Era il 1999 e Lodato incontrava negli Stati Uniti Buscetta, ex membro di Cosa Nostra e poi collaboratore di giustizia e grande accusatore dei Corleonesi che avevano preso il potere in Sicilia. Ne nacque un libro che fece scalpore: La mafia ha vinto, edito da Mondadori, una conversazione unica con uno dei personaggi chiave per capire l’Italia del Dopoguerra. Lodato, che un anno fa ha pubblicato per Chiarelettere Il patto sporco, libro scritto assieme a Nino Di Matteo, è stato uno delle ultime persone a incontrarlo negli anni dell'”esilio”, visto che poi Buscetta sarebbe morto nell’aprile del 2000 a New York. Oggi non è per nulla stupito che sia al centro di un film di successo: «Perché la sua personalità è stata unica», racconta.

Cosa cercava davvero Bellocchio da te?
Era molto curioso, era interessato a capire cosa si nascondesse dietro al primo grande rappresentante del pentitismo mafioso in Italia. Mi ha fatto un sacco di domande, è stato un “esaminatore” molto scrupoloso.

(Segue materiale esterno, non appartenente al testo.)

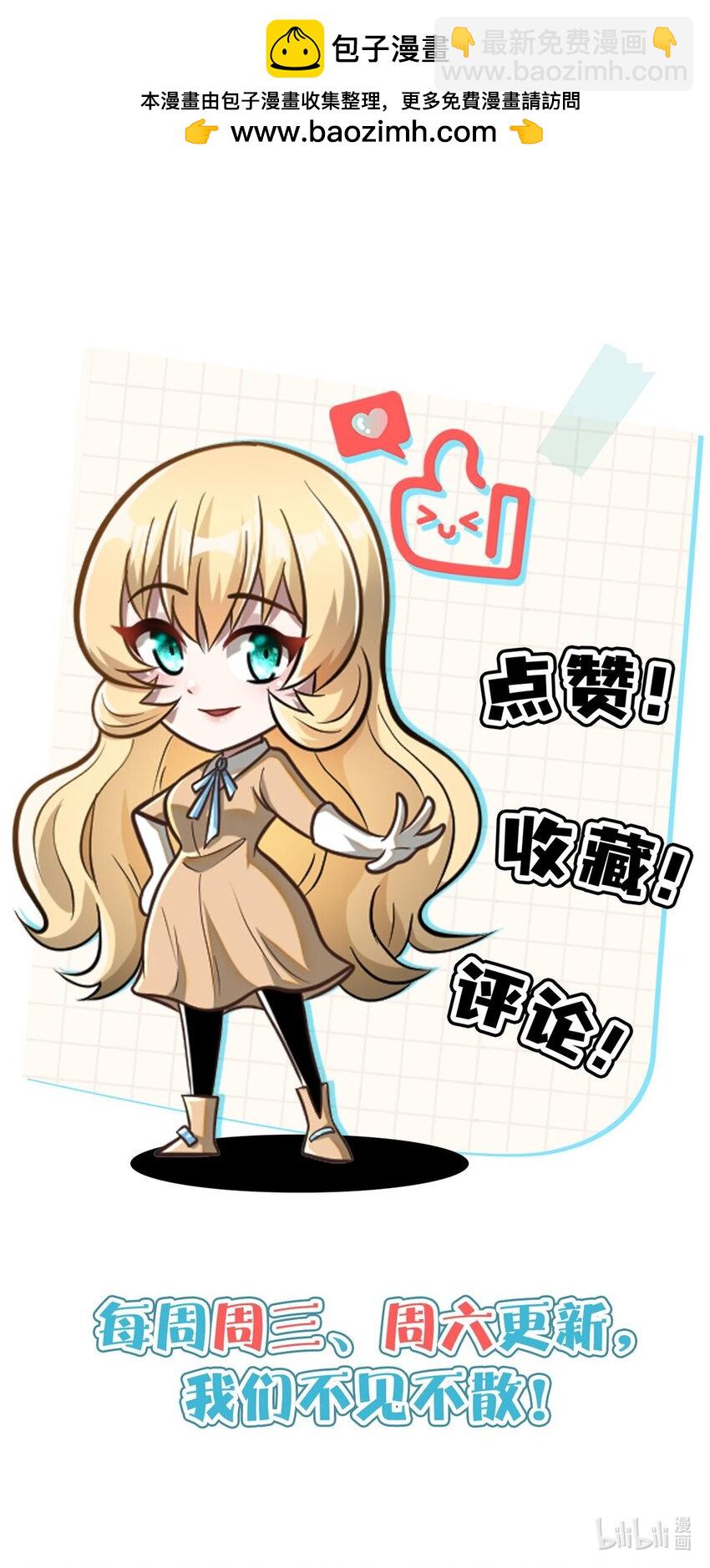 166 被雷劈了？-第167话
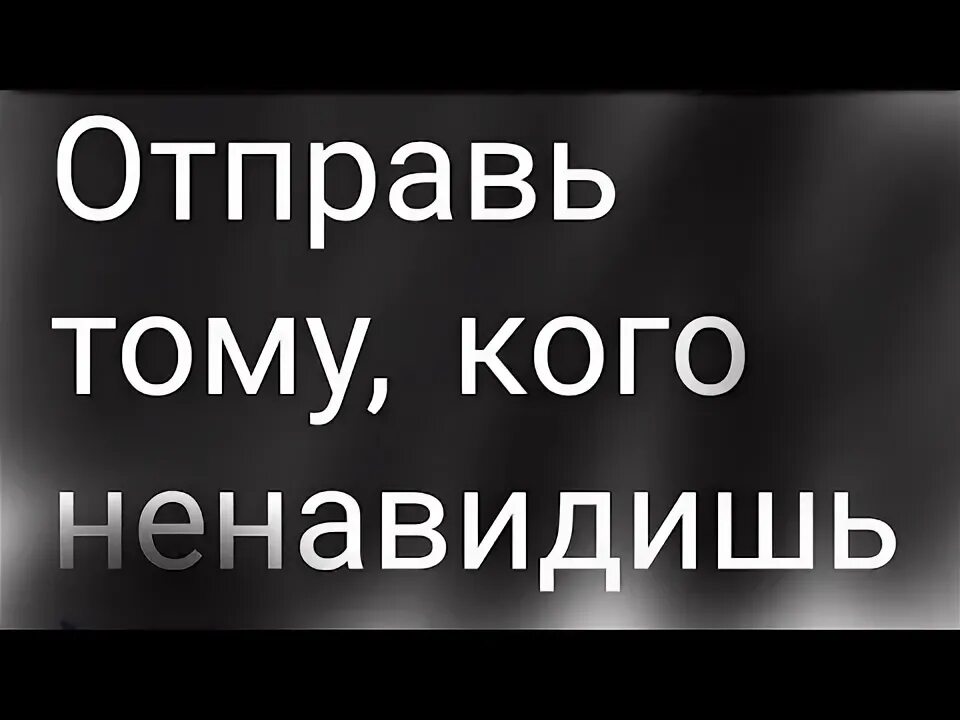 Отправь это видео тому. Отправь это видео тому. Отправь это видео тому. Отправь тому на кого. Отправь это видео тому.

Ti piace il titolo, Il traditore?
Premettiamo subito che non ho ancora visto il film. Ma sono sicuro che l’idea di fondo di Bellocchio era prendere spunto dalle vicende di un personaggio che più volte nella sua vita, sia da un punto di vista sentimentale che criminale, si trovò a rompere con il suo passato. Era questo l’aspetto del “tradimento” che più lo interessava. Parlandoci, ho capito che la connotazione della parola “traditore” non era negativa, perché Bellocchio è convinto che nella vita si vada avanti per una serie di tradimenti successivi. E in questo senso Buscetta è stato un grande esponente del “tradimento”.

Come hai fatto a incontrare Buscetta?
Tra gli anni ’80 e ’90, lavoravo all’Unità e scrissi molto di Buscetta. Lui viveva in America, in una località segreta sotto protezione dell’FBI, e si teneva costantemente informato su quello che si scriveva di lui in Italia. Un giorno mi chiamò e facemmo una conversazione molto sentita e vivace. Io gli spiegai che non provavo risentimento per lui, ma anzi riconoscenza perché tramite il suo pentimento erano stati inflitti dei duri colpi alla mafia. Lo intervistai per il quotidiano al telefono, fece molto scalpore. Così mi comunicò la sua disponibilità a incontrarci.

Che successe allora?
Che mi disse che voleva fare un libro per fare un bilancio di quella che era stata la sua vita. Ne aveva già scritto uno con Enzo Biagi, ma allora i tempi erano molto diversi perché sembrava che Cosa Nostra stesse per cadere. Io, invece, nel 1999 mi trovai a parlare con un Buscetta desolato, deluso dal modo in cui gli italiani avevano affrontato le questioni legate alla mafia. Per questo il titolo del volume fu amaro, pessimistico: La mafia ha vinto. Una volta mi disse una frase indimenticabile: “Dopo la mia deposizione ho sentito da parte delle istituzioni dei gran ‘ora faremo’ e ‘ora vinceremo’, poi ho visto scomparire la chiesa con tutto l’altare”.

Chi è stato dal tuo punto di vista Tommaso Buscetta?
Anzitutto il più grande analista del fenomeno mafioso assieme a Giovanni Falcone, come dimostra la lucidità con cui ha sempre parlato degli affari di Cosa Nostra, in cui era entrato a 16 anni.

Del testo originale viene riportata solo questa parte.